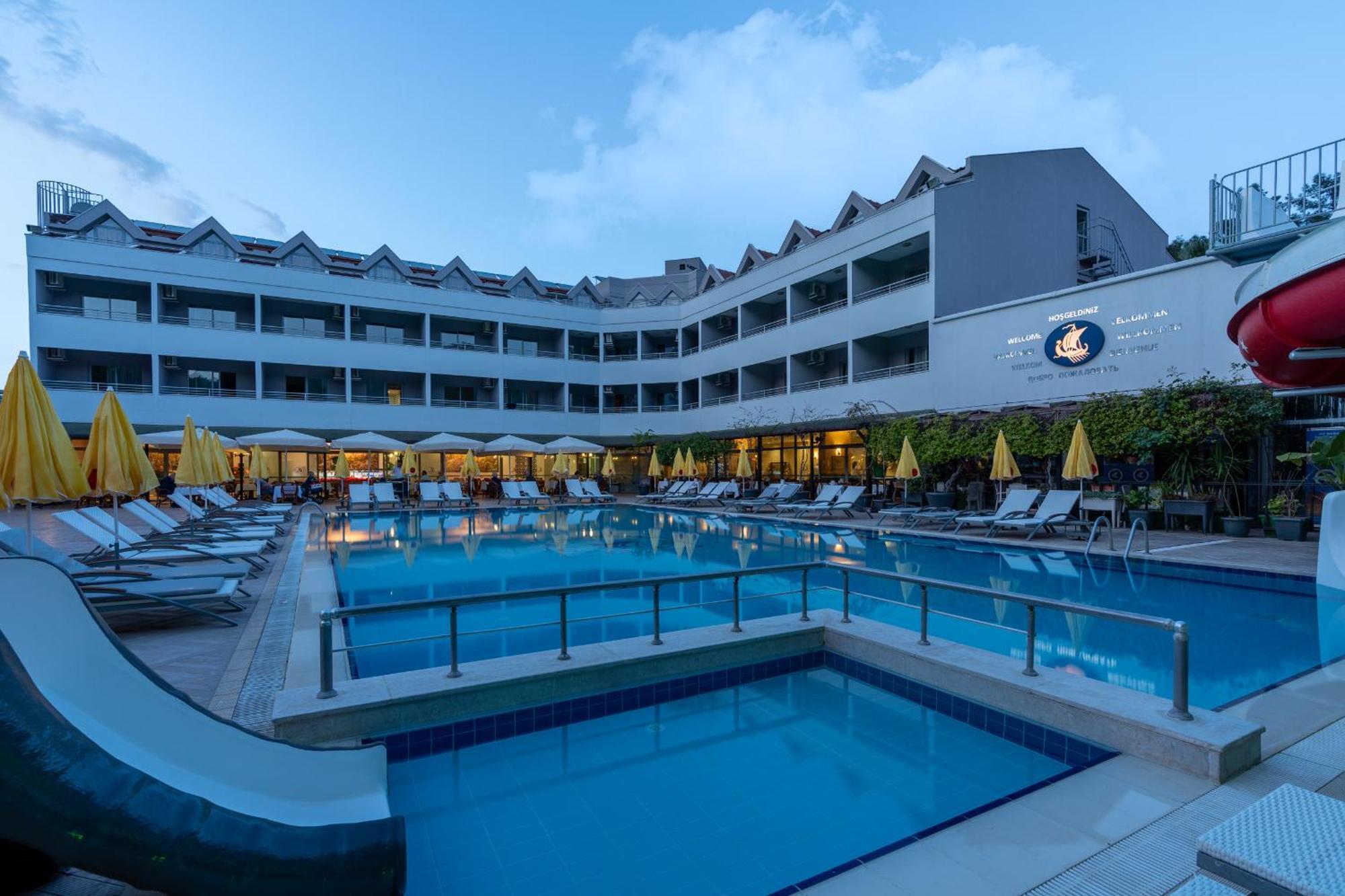 Hotel Grand Viking 4*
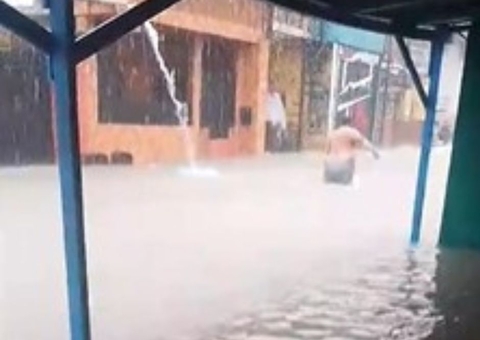 Chuva deixa diversos estragos em zonas de Manaus
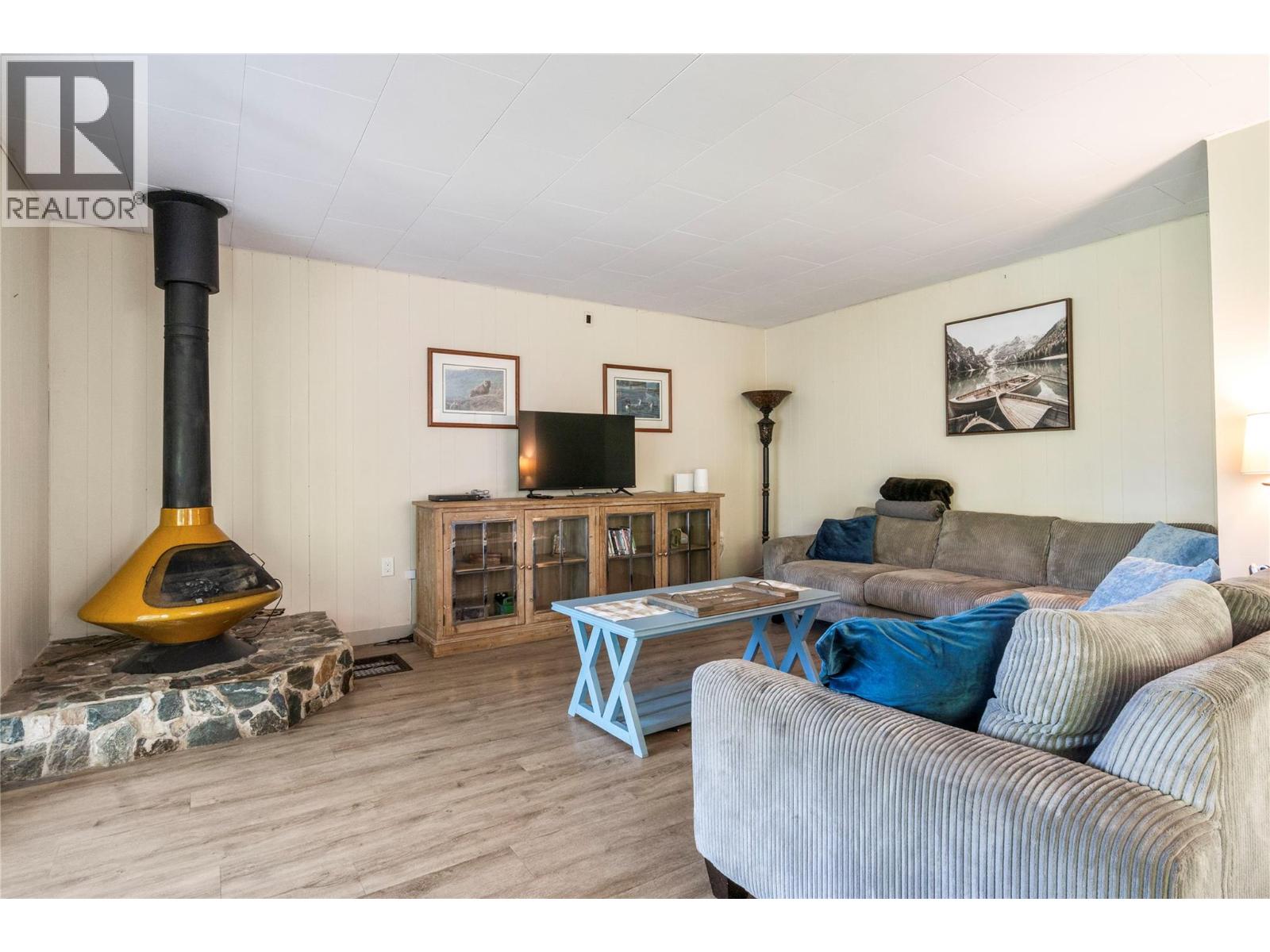  4265 Eagle Bay Road, Eagle Bay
····················
=== YOUR TASK ===
Copy each line above exactly. Images do not belong in the copy.

=== SOLVED EXERCISE ===
 Hotel Grand Viking 4*
 Chuva deixa diversos estragos em zonas de Manaus
  4265 Eagle Bay Road, Eagle Bay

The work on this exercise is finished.